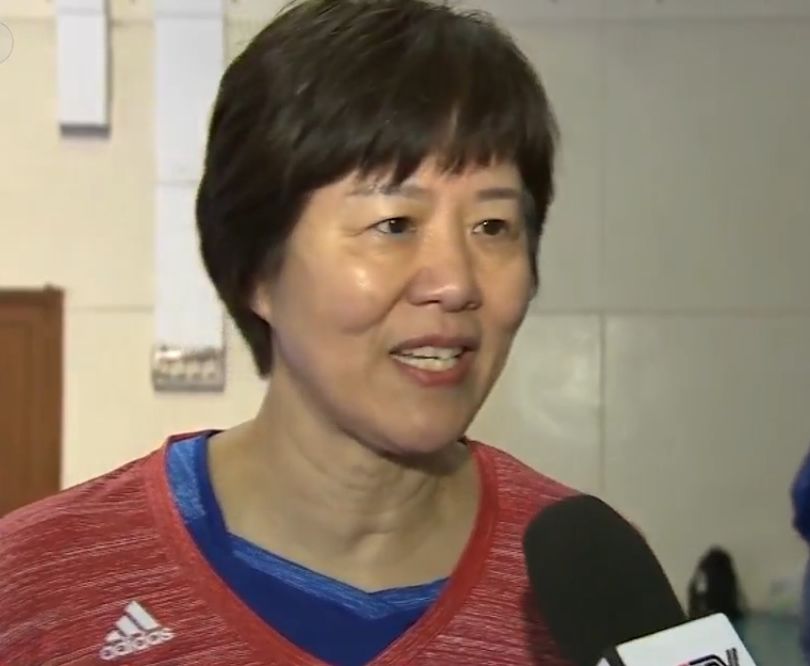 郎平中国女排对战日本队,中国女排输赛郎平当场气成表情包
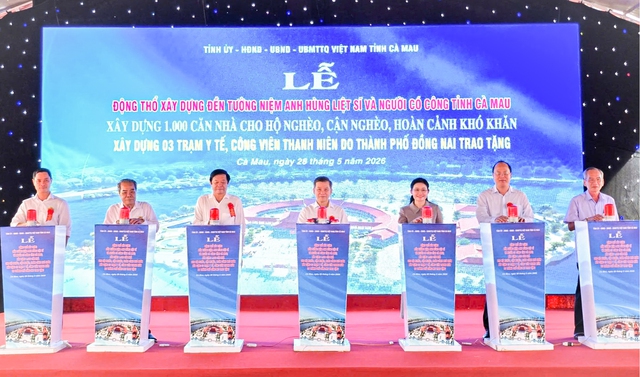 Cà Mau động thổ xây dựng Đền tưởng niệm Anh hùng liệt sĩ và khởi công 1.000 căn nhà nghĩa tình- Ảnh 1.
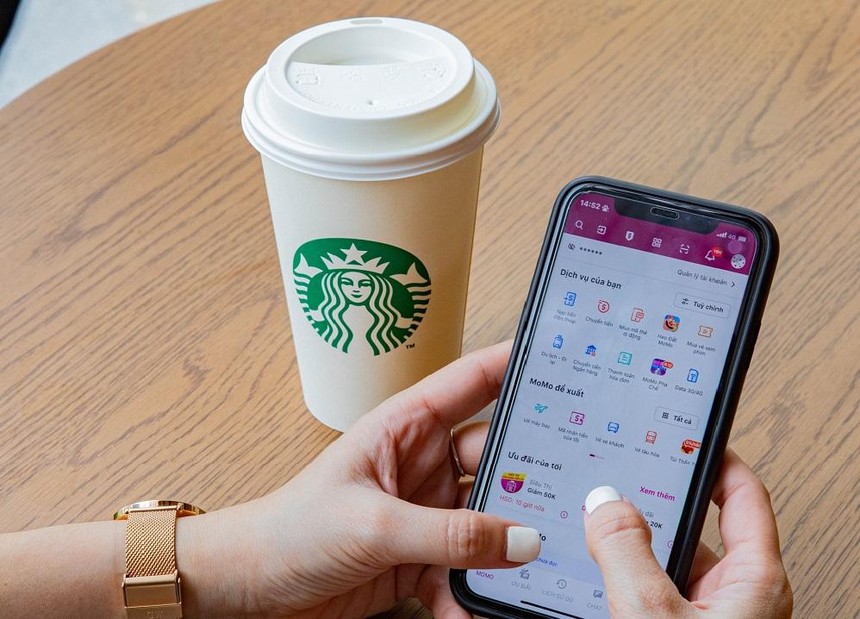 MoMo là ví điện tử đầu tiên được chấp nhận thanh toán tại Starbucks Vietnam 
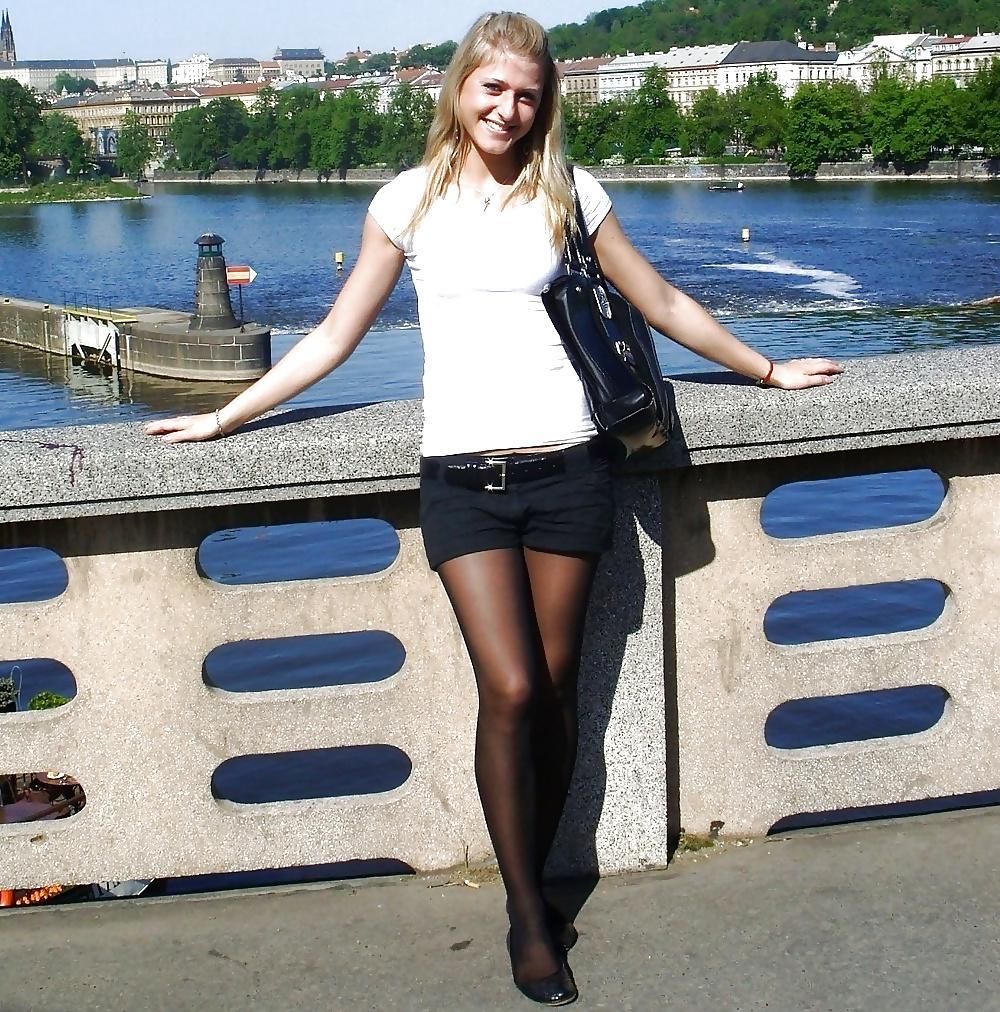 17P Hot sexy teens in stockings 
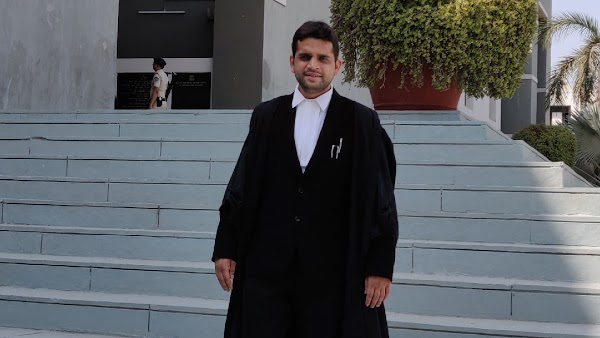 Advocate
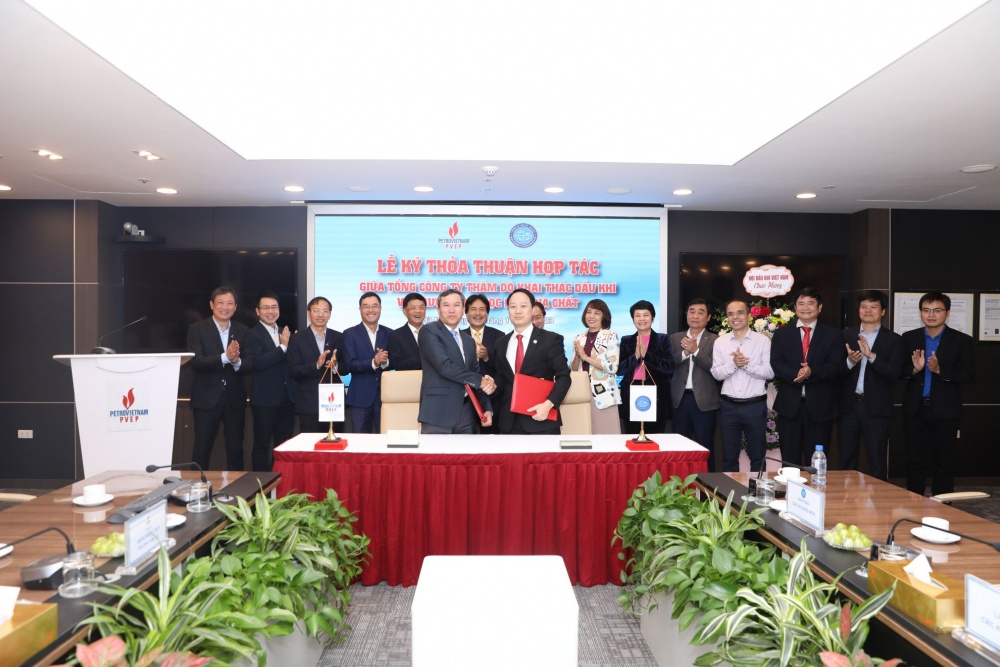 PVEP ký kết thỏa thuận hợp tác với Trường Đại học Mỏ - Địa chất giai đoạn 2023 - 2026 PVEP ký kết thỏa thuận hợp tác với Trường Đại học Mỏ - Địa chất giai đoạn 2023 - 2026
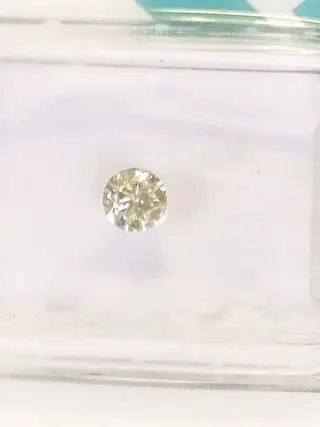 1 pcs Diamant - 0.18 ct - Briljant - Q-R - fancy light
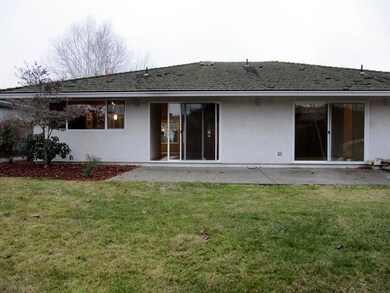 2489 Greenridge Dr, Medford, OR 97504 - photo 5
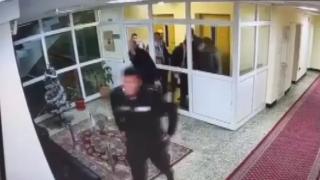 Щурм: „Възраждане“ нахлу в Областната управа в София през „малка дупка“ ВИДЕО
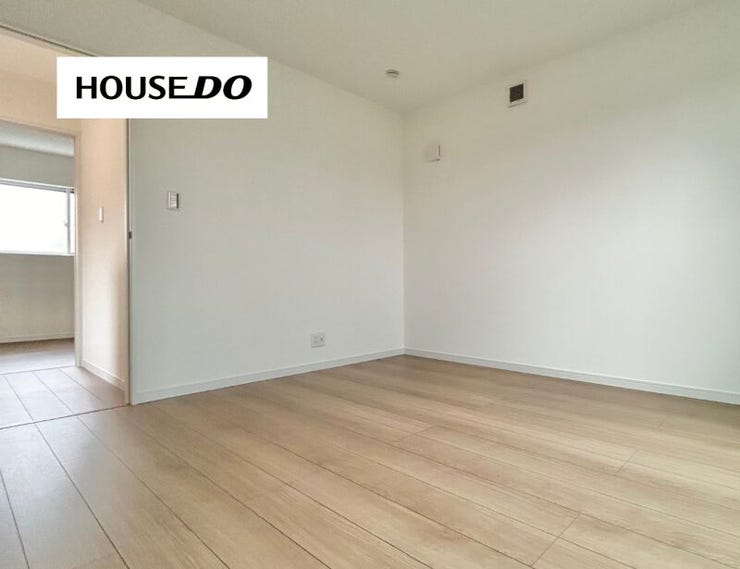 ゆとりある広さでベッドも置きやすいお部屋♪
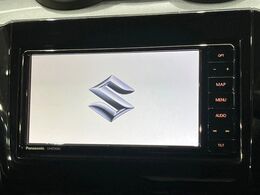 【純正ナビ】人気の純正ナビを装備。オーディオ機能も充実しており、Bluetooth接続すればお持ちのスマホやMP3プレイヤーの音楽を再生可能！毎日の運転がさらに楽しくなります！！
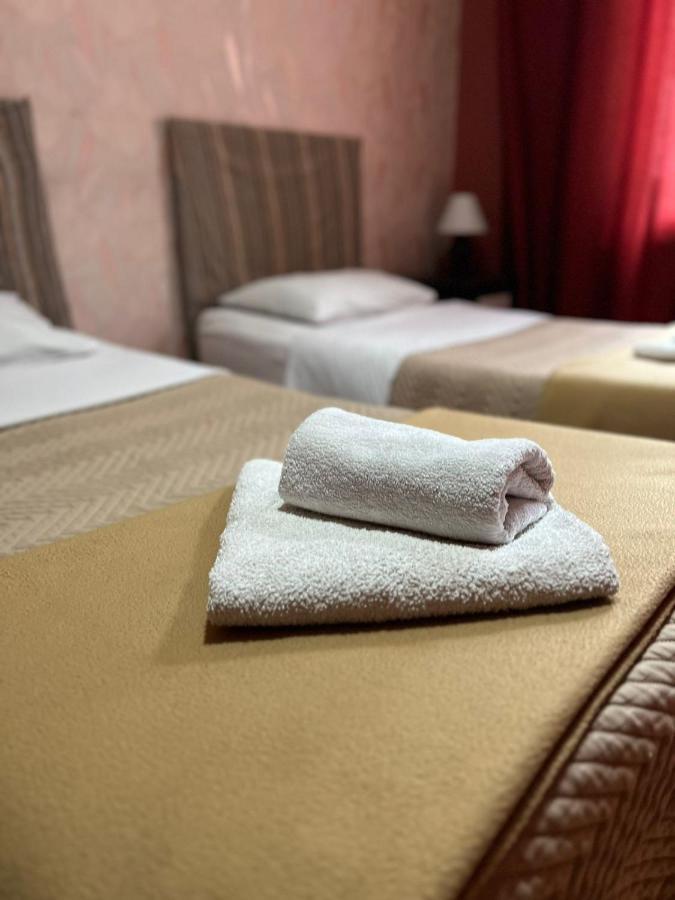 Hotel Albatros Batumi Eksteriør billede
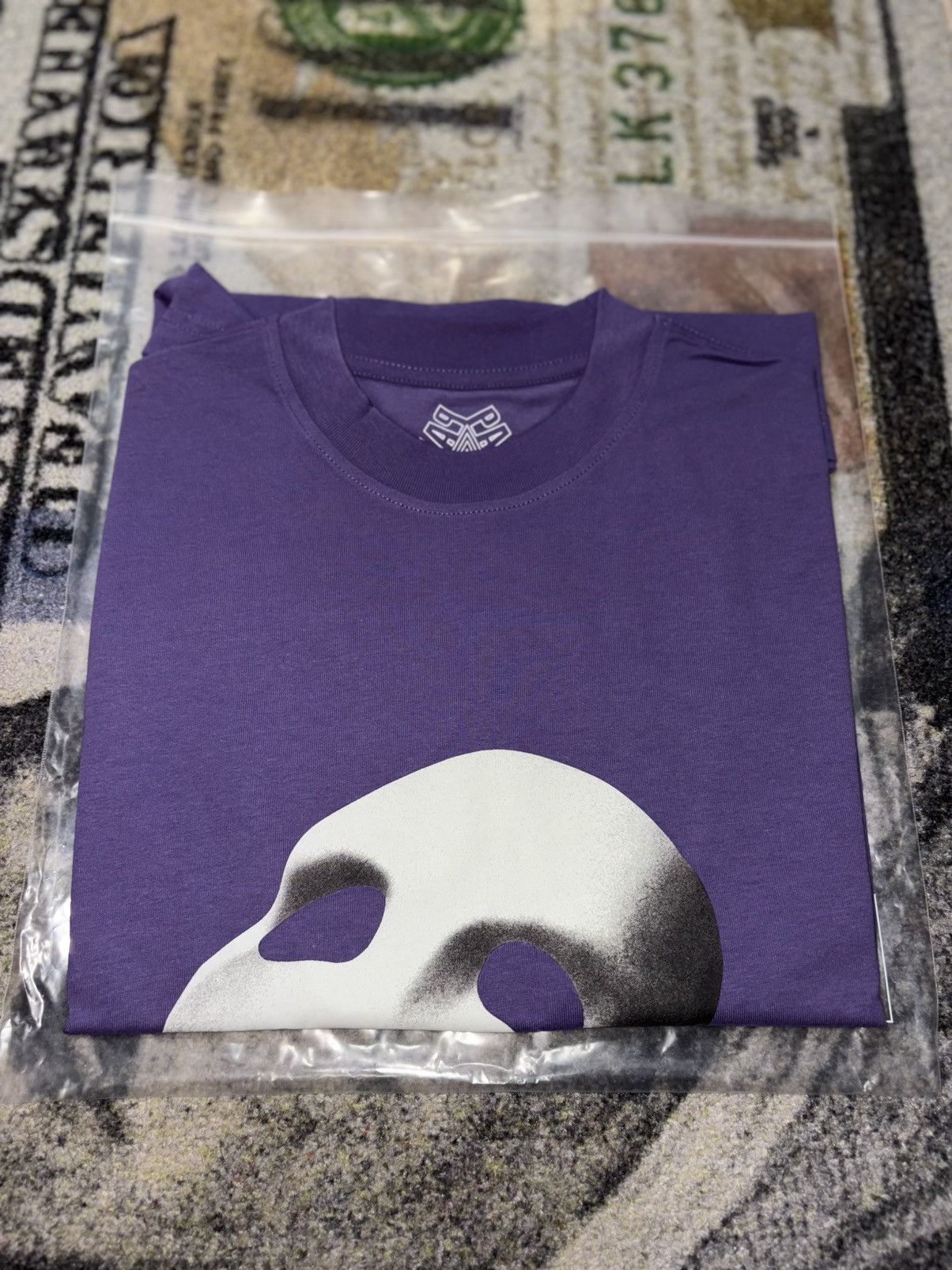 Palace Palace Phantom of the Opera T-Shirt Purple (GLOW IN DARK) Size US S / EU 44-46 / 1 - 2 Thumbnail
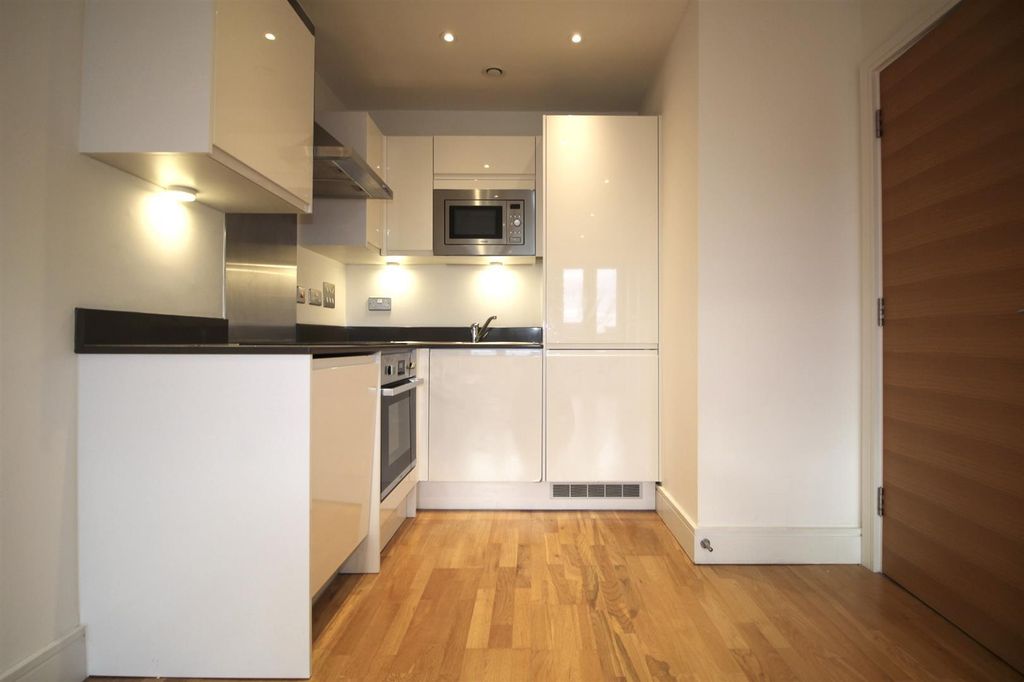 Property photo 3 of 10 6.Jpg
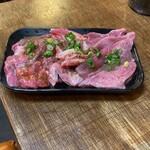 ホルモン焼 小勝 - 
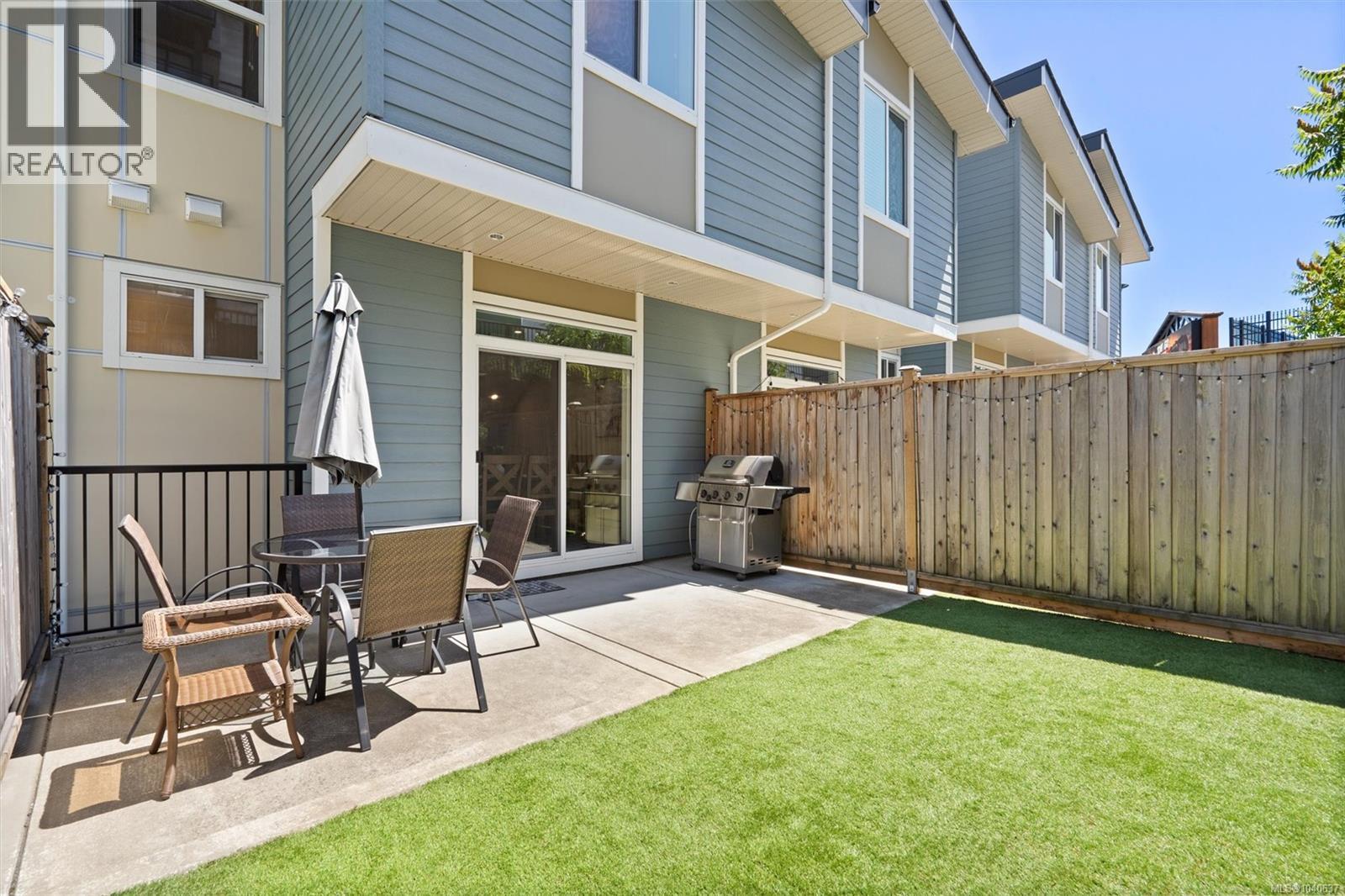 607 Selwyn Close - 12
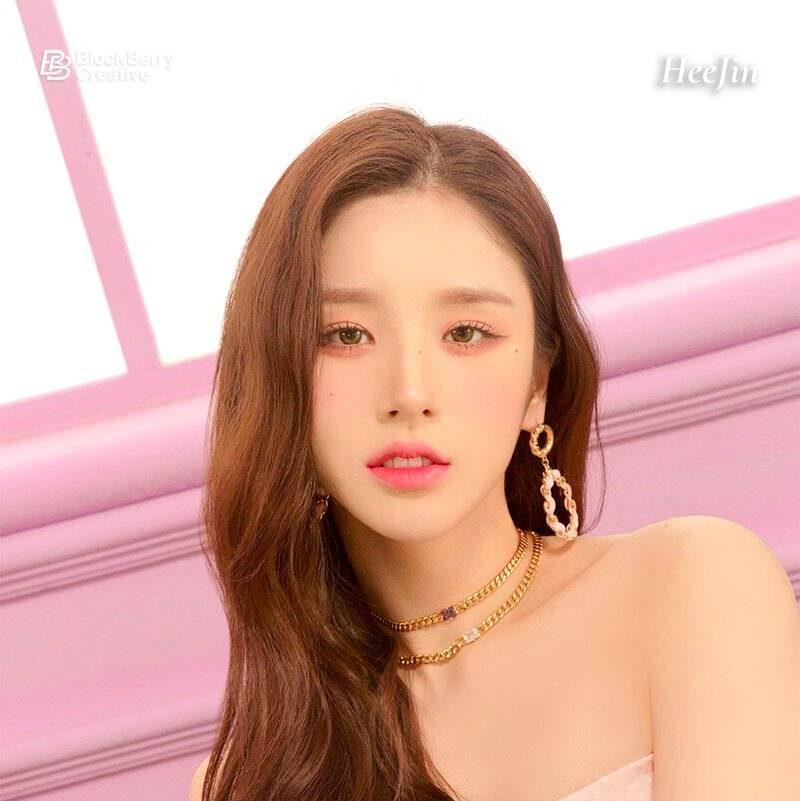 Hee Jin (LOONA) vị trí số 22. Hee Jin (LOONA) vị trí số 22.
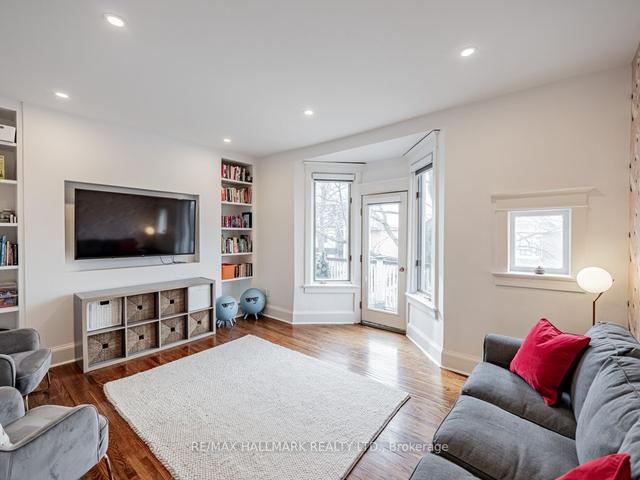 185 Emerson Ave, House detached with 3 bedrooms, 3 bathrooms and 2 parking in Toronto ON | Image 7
++++++
• _Exercise aim_:
Of the lines above, quote exactly those from the one with "Palace Palace Phantom" through the one with "Hee Jin (LOONA) vị trí số 22. Hee", ends included; pictures stay out.

• _Response below_:
 Palace Palace Phantom of the Opera T-Shirt Purple (GLOW IN DARK) Size US S / EU 44-46 / 1 - 2 Thumbnail
 Property photo 3 of 10 6.Jpg
 ホルモン焼 小勝 - 
 607 Selwyn Close - 12
 Hee Jin (LOONA) vị trí số 22. Hee Jin (LOONA) vị trí số 22.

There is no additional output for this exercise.